◆ AVAILABLE DATA
------------------------------------

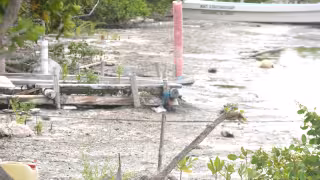 Denuncian grave contaminación en manglares de Cozumel por descargas de aguas negras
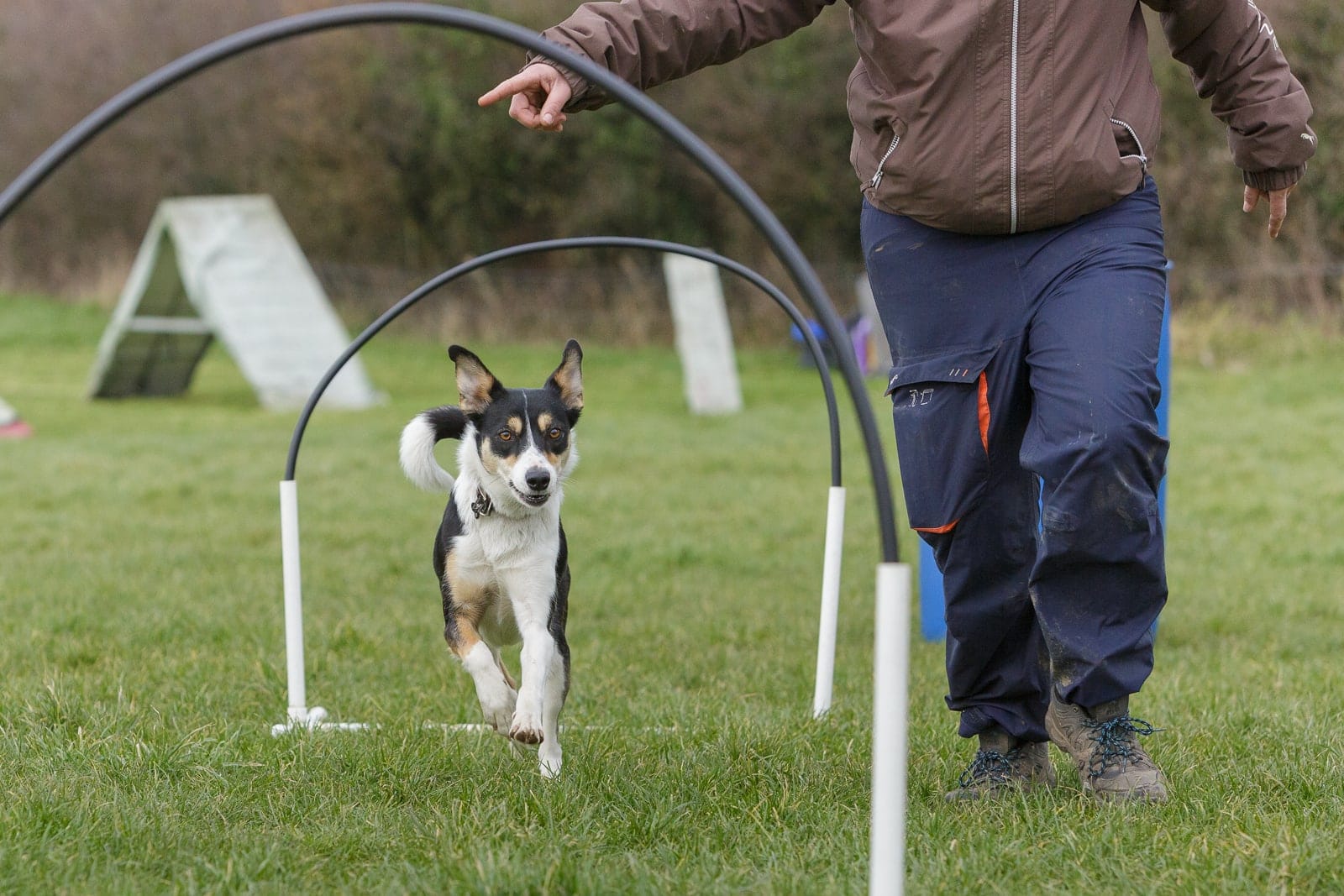 A Collie cross Kelpie dog in a hoopers class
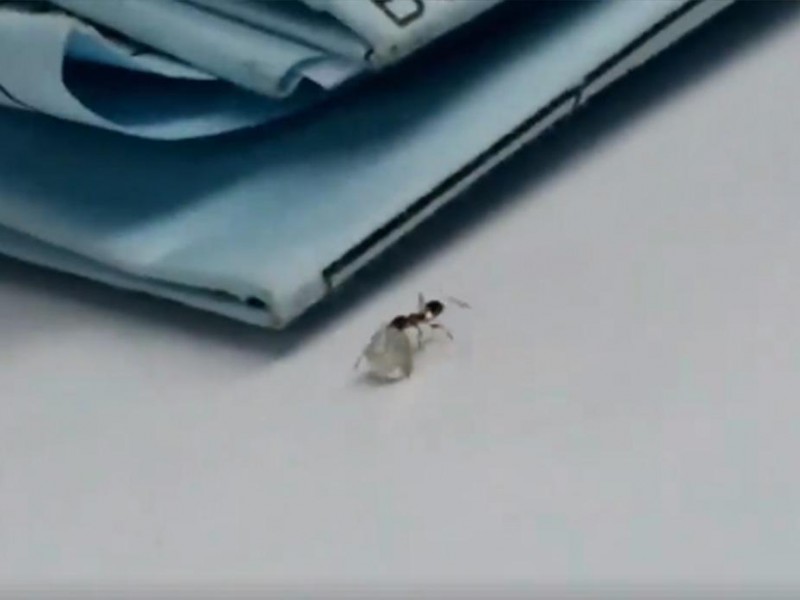 Video: Impactante robo hormiga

------------------------------------

◆ PROBLEM STATEMENT
The answer must be the data above, repeated exactly, with no pictures.

◆ TASK RESPONSE
 Denuncian grave contaminación en manglares de Cozumel por descargas de aguas negras
 A Collie cross Kelpie dog in a hoopers class
 Video: Impactante robo hormiga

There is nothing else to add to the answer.